== Record extracts ==
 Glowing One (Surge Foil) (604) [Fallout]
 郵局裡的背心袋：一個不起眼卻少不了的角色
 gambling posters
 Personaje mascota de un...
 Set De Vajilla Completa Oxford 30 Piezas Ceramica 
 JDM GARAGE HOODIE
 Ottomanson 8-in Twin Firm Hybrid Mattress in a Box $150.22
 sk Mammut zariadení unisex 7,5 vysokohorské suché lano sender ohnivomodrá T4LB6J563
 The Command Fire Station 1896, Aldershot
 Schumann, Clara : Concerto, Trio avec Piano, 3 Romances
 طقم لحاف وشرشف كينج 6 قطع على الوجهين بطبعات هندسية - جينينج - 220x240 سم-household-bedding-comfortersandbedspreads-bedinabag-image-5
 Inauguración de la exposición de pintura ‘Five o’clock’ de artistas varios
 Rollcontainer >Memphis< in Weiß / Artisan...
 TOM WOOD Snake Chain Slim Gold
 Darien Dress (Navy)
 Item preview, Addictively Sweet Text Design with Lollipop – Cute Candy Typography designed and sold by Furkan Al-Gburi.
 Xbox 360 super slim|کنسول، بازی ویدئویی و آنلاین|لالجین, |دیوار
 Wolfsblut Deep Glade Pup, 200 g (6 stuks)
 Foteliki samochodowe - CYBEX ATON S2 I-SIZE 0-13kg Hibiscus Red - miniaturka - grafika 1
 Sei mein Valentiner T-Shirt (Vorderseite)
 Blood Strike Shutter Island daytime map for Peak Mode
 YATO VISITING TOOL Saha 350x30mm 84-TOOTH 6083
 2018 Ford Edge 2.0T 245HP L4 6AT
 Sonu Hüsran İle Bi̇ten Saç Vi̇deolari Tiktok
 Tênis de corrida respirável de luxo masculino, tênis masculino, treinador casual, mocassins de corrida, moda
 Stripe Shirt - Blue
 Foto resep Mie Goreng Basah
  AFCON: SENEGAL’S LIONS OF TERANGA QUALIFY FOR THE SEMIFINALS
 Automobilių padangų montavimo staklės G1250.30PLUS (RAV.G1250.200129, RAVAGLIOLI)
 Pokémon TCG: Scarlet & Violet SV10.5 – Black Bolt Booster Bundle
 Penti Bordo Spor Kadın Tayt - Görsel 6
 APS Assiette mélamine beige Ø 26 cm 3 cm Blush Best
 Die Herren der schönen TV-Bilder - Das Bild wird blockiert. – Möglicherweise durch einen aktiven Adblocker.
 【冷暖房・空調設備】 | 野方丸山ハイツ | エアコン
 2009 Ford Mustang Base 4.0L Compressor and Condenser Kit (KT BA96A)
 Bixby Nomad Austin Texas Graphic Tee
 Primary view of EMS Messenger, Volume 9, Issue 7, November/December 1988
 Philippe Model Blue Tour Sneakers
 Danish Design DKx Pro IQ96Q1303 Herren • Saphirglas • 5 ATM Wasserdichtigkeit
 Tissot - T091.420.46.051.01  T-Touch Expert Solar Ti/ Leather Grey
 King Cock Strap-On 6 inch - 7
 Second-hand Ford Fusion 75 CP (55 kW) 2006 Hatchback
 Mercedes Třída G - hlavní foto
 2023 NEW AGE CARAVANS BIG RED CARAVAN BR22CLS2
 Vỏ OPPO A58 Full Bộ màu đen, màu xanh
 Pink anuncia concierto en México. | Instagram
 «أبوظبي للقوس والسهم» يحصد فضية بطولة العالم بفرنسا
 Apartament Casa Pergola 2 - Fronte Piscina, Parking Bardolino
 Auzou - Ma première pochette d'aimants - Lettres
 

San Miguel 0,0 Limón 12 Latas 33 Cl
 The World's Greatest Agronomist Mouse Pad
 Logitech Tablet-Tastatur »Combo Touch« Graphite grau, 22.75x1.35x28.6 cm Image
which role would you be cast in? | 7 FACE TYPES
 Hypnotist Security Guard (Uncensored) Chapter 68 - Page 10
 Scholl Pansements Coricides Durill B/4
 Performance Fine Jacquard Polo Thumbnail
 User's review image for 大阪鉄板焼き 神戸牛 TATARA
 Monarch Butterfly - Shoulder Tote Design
===
The lines sought are those in the data above that include the string "Design"; copy each one.

 Item preview, Addictively Sweet Text Design with Lollipop – Cute Candy Typography designed and sold by Furkan Al-Gburi.
 Danish Design DKx Pro IQ96Q1303 Herren • Saphirglas • 5 ATM Wasserdichtigkeit
 Monarch Butterfly - Shoulder Tote Design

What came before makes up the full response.